Der verlorene Krieg gegen die Drogen

Es sei „mittlerweile gut belegt, dass der sogenannte ’Krieg gegen die Drogen’ mehr schadet als nützt“, sagt daher Michael Herzig. Heute ist der Schweizer Dozent und Autor, bis 2014 leitete er aber 16 Jahre lang die Abteilung „Sucht und Drogen“ der Zürcher Stadtverwaltung. Und er plädiert für einen neuen Ansatz.

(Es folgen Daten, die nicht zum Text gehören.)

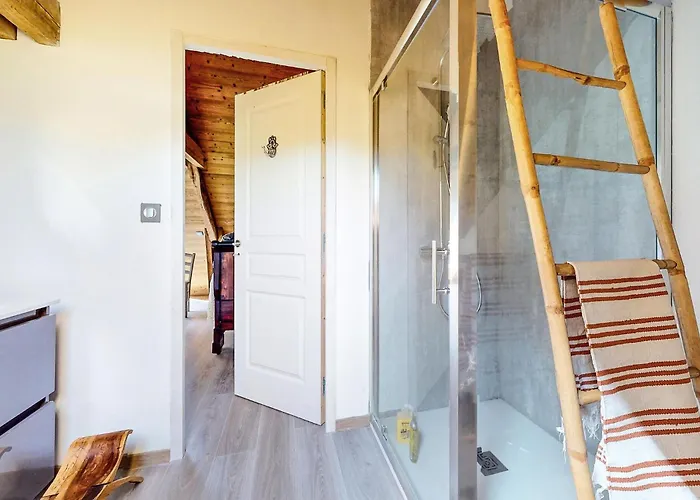 Beautiful In Lastic Bourg-Lastic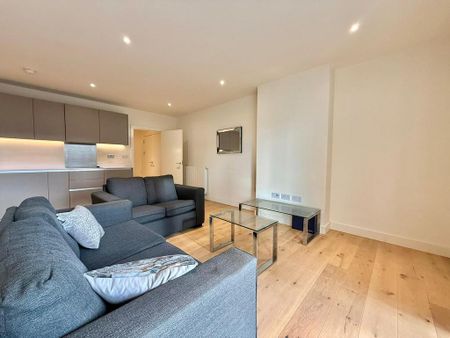 3 bedroom flat to rent - Photo 3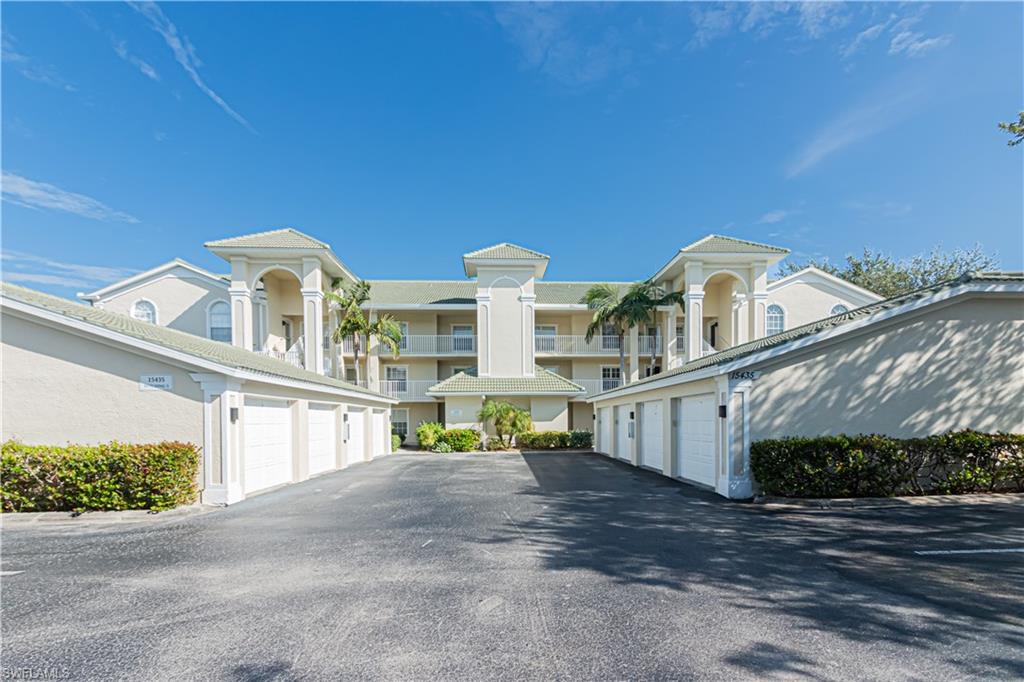 15435 Cedarwood LN # 304, NAPLES FL 34110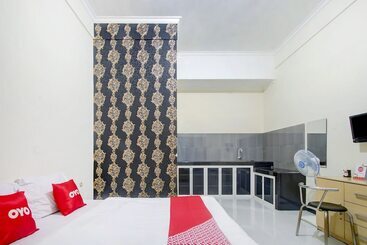هتل Super Capital O 90151 Guest House 180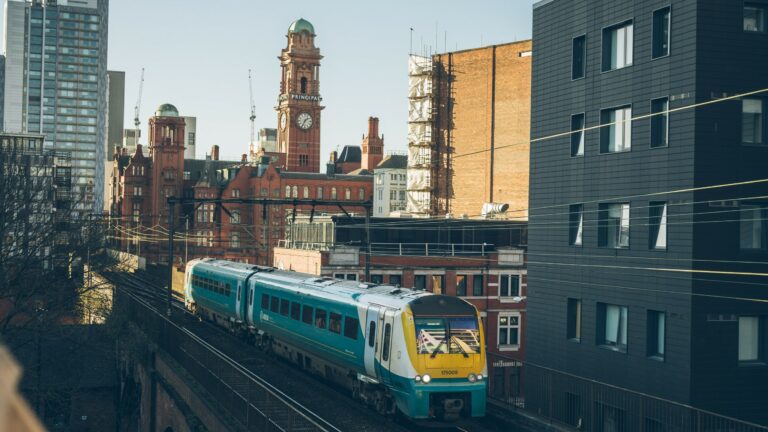 manchester-train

Krieg gegen Drogen verursacht Kollateralschäden

Schließlich sei es nirgends gelungen, Drogen aus der Welt zu schaffen, während gleichzeitig beträchtliche Kollateralschäden angerichtet wurden. Zulasten der Konsumierenden, weil diese nur in der Illegalität einkaufen können, wo es keinerlei Qualitätskontrolle gibt – sprich, niemand weiß, ob und womit die jeweilige Substanz gestreckt wurde.

Und zulasten der Gesellschaft; frisst der Kampf gegen Drogen doch beträchtliche Ressourcen, in der Polizei, in der Justiz, in den Gefängnissen. Profitiert hat ausschließlich die Organisierte Kriminalität, sagt Herzig.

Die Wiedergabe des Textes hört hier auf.